Meski demikian, aktivitas perkantoran tetap berjalan seperti sediakala dan BPK Papua Barat menghargai proses hukum yang dilakukan oleh KPK RI.
Terkait penetapan tersangka, Kepala Sub Bagian (Kasubag) Hukum BPK Papua Barat Vensca enggan berkomentar lebih. Hal ini lantaran BPK memiliki mekanisme internal yang wajib diikuti oleh seluruh pegawai BPK wilayah, apabila mengeluarkan pernyataan yang disiarkan oleh media massa bagi masyarakat.
“BPK RI yang akan keluarkan pernyataan terkait penetapan tersangka kepala perwakilan dan dua orang auditor,” kata Vensca.
Sebelumnya, keenam orang yang telah ditetapkan sebagai tersangka adalah Penjabat (Pj) Bupati Sorong Yan Piet Mosso (YPM), Kepala BPKAD Kabupaten Sorong Efer Segidifat (ES), Staf BPKAD Kabupaten Sorong Maniel Syatfle (MS), Kepala Perwakilan BPK Provinsi Papua Barat Patrice Lumumba Sihombing (PLS), Kasubaud BPK Provinsi Papua Barat Abu Hanifa (AH), dan Ketua Tim Pemeriksa David Patasaung (DP).
Ketua KPK Firli Bahuri menerangkan, konstruksi perkara dugaan korupsi tersebut berawal saat BPK hendak melakukan pemeriksaan laporan keuangan Pemerintah Provinsi (Pemprov) Papua Barat Daya.
Sebagai tindak lanjut, salah satu pimpinan BPK menerbitkan surat tugas untuk melakukan pemeriksaan dengan tujuan tertentu (PDTT) yang lingkup pemeriksaannya di luar keuangan dan pemeriksaan kinerja.

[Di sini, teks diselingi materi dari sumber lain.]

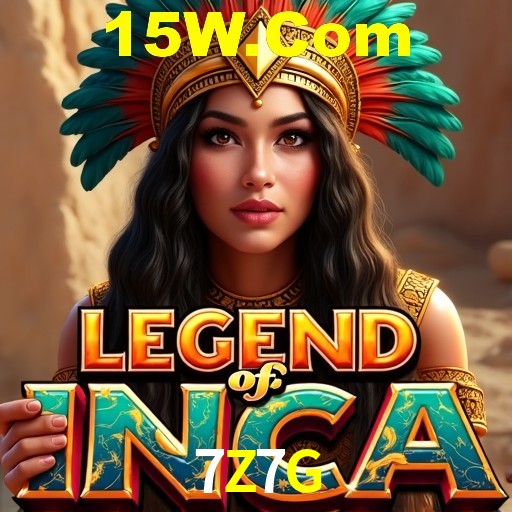 A Revolução dos Aplicativos de Jogos no 7Z7G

Dalam surat tugas tersebut, komposisi personelnya yaitu Patrice Lumumba Sihombing selaku penanggung jawab, Abu Hanifa selaku pengendali teknis, dan David Patasaung selaku ketua tim.

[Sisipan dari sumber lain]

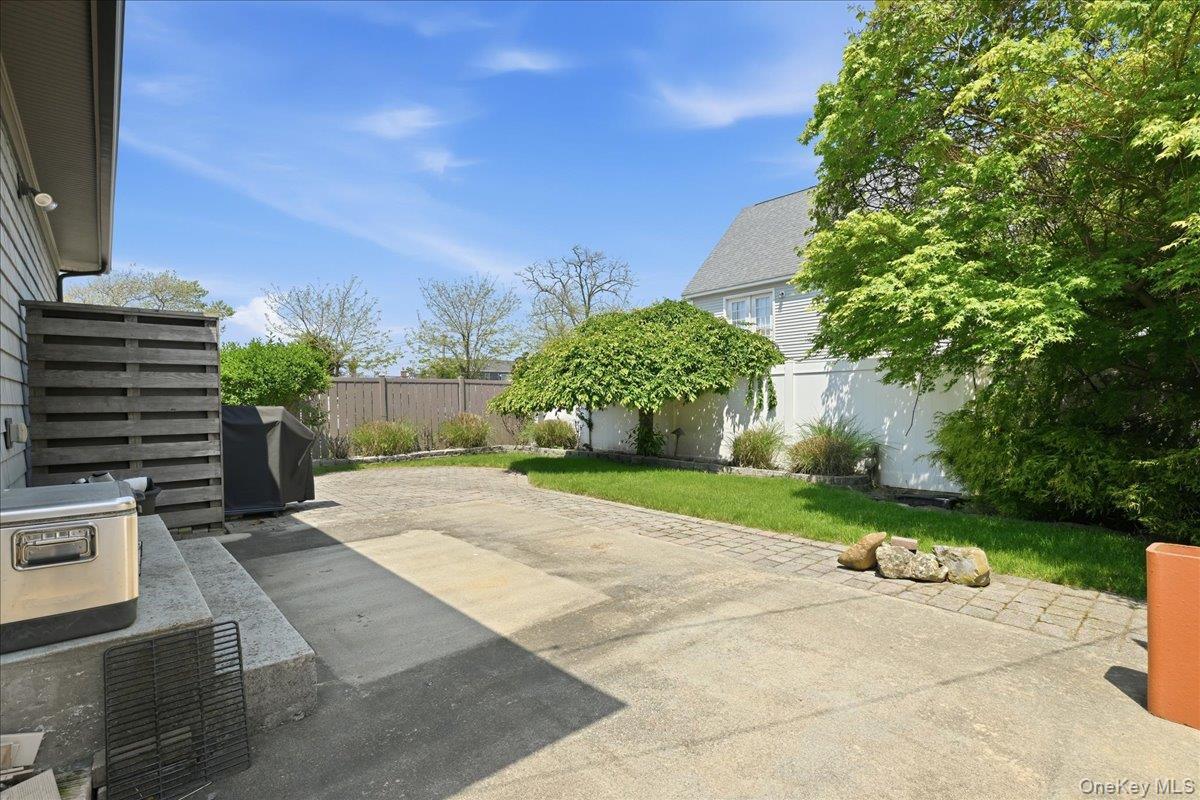 Single Family Clark Street Nassau County, NY 11561, MLS-1003080-31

“Mereka ditunjuk melakukan pemeriksaan kepatuhan atas belanja daerah tahun 2022 dan 2023 pada Pemerintah Kabupaten Sorong dan instansi terkait lainnya termasuk Provinsi Papua Barat Daya,” kata Firli Bahuri.
Ia menjelaskan dari hasil temuan pemeriksaan PDTT di Provinsi Papua Barat Daya, khususnya di Kabupaten Sorong, diperoleh beberapa laporan keuangan yang tidak dapat dipertanggungjawabkan.

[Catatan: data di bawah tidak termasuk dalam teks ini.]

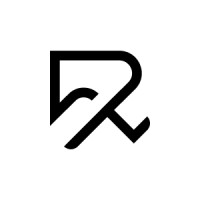 Rockson Studio logo - Similar company to Fixifi.Ai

Atas temuan dimaksud, sekitar Agustus 2023 mulai terjalin rangkaian komunikasi antara ES dan MS sebagai representasi dari YPM, dengan AH dan DP yang juga sebagai representasi dari PLS.
Dalam komunikasi itu direncanakan pemberian sejumlah uang agar temuan dari tim pemeriksa BPK menjadi tidak ada.
Penyerahan uang dilakukan secara bertahap dengan lokasi yang berpindah-pindah, di antaranya di hotel yang ada di Sorong.
Secara bergantian, ES dan MS menyerahkan uang pada AH dan DP. Setiap penyerahan uang pada AH dan DP, selalu dilaporkan ES dan MS pada YPM. Begitu pun dengan AH dan DP juga melaporkan sekaligus menyerahkan uang tersebut pada PLS.
“Istilah yang disepakati dan dipahami untuk penyerahan uang tersebut yaitu titipan,” ujar Firli. (Lingkar Network | Anta – Lingkar.news)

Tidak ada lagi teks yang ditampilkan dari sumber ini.